The Media is Stuck Between a Rock and a Hard Place (Long Recurring Revenue)
Magazines Are Suffering From Declining Ad Revenue
It’s no secret that traditional advertising is in decline. Now we have some numbers to put around it. Per the WWD:
The magazine industry puts on a brave face, but data doesn’t lie.
New analysis from the Association of Magazine Media, which unabashedly pushed the power of print magazines as an advertising vehicle, shows an industry still trying to find its place in an instantaneous world while advertising revenue continues to slip away.
Reported magazine ad spending by the 50 biggest advertisers last year fell to $6.1 billion from $6.5 billion in 2016, according to AMM’s annual report. So magazines lost at least $417.5 million in revenue last year, a difference of 6.4 percent, numbers AMM did not make readily available in its report, which was sponsored by magazine printer Freeport Press.
The report notes how top advertisers spent their marketing dollars. Pfizer Inc., Johnson & Johnson, LVMH Moet Hennessy Louis Vuitton, Estee Lauder Cos. Inc., Kering, Chanel, and Amazon were all WAY down, more than offsetting increases from the likes of Proctor & Gamble and L’Oreal. As just one example, Pfizer’s spend decreased by $85mm. That’s a whopping number.
With whopping ramifications. More from the WWD:
With so much money being lost in print advertising, which is largely being diverted to other avenues, like Facebook, Google and influencers, it’s no wonder magazines keep shutting.
A total of 50 magazines with at least a quarterly publication frequency closed last year, despite 134 titles being launched, leaving the number of magazines last year at 7,176. The number of magazines has been a bit up and down over the last decade, but on the whole, down, as there are 207 fewer than in 2008.
It continued:
Overall, there are very few major magazine brands managing to pull strong through the digital shift. Of the 114 magazine brands tracked by AMM, 56 titles, or 50 percent, have a total audience in decline year-to-date. Print and digital editions are faring even worse, with 74 titles, or 64 percent of magazines, seeing audience on the decline.
Little wonder advertisers are looking elsewhere.
Apropos, a heads up for PETITION readers: you can give the media business a whirl if you masochistically desire. On August 27, the chapter 7 trustee in the case of Interview Inc., the once-famous magazine owned by Peter Brant, is conducting an auction for the sale of the media property. If bankrupted magazines aren’t your jam, there are plenty of other options available — including, most recently, New York Magazine.
Given the decline in advertising, media companies are re-evaluating their business models and many are toggling over to subscriptions. Subscriptions are the “it” thing now. And that obviously includes PETITION (though, to be accurate, we were never dependent on ads). In fact, we now subscribe to so many different resources that our costs are going up meaningfully from month to month. That’s the truth. At a certain point, consumers may get subscription fatigue.
Or they’ll just share passwords. Per Digiday:
Subscriptions are a great way to draw a steady stream of revenue from readers — unless readers share their login credentials with everyone they know.

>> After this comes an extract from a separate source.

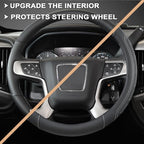 GIANT PANDA Steering Wheel Cover for GMC Sierra Acadia Terrain Yukon(Black+Gray Line-Standard Size)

As publishers try to grow subscription businesses, they have to figure out how to handle password-sharing, a phenomenon that subscription services like Netflix and Spotify have wrestled with for years.
Netflix and Spotify can absorb this danger. But smaller media outlets either struggling to survive or looking to grow don’t have that luxury. Every time someone shares media that lives off of the subscription model, he/she is effectively siphoning off revenue from them and pushing them one step closer to insolvency. Sadly, only a very select few of you will make fees in that scenario. The rest of you will lose out on quality content you’ve come to love and enjoy. Now wouldn’t that be a shame?